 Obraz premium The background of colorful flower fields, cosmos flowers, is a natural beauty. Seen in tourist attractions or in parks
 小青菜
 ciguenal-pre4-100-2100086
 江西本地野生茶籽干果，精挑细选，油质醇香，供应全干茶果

==

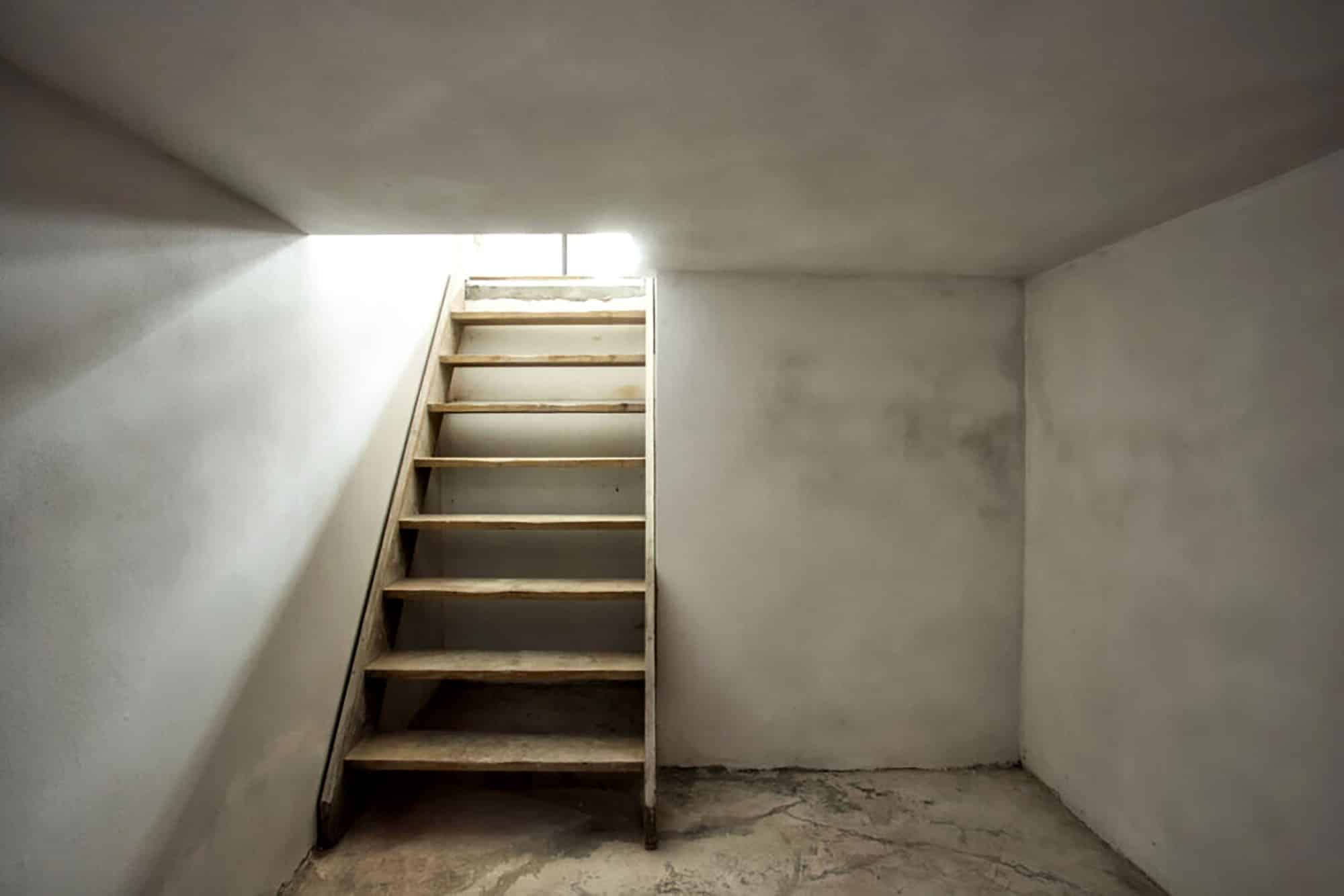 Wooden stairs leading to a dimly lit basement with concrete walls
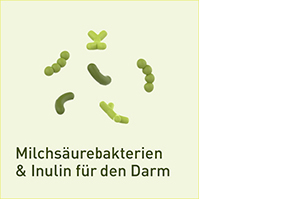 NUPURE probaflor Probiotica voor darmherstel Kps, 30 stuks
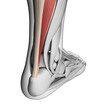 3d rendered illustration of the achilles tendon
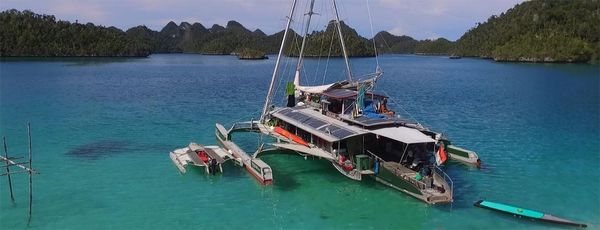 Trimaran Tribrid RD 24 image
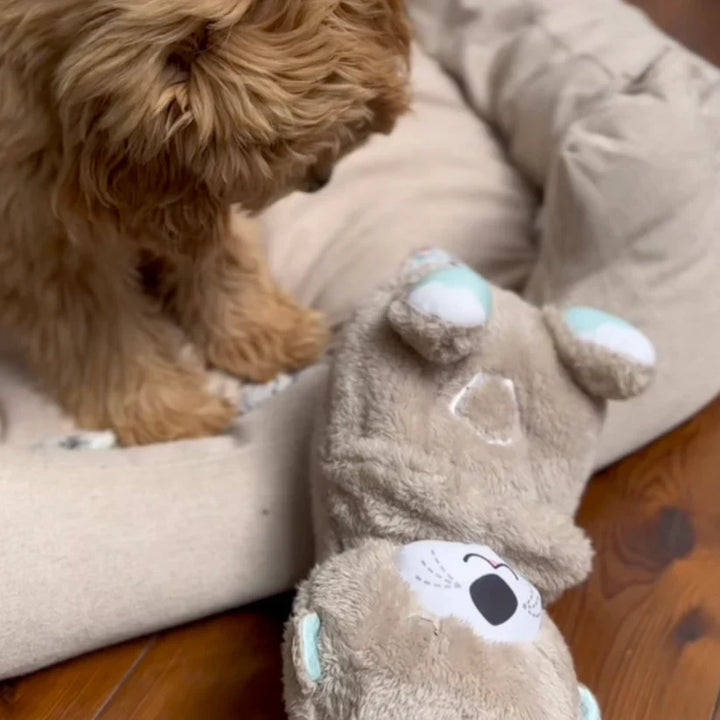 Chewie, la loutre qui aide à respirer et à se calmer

Exercise directions —
Extract from the listing above the lines between the line containing "ciguenal-pre4-100-2100086" and the line containing "江西本地野生茶籽干果，精挑细选，油质醇香，供应全干茶果", keeping both of those lines. Output nothing else.

Answer for this exercise —
 ciguenal-pre4-100-2100086
 江西本地野生茶籽干果，精挑细选，油质醇香，供应全干茶果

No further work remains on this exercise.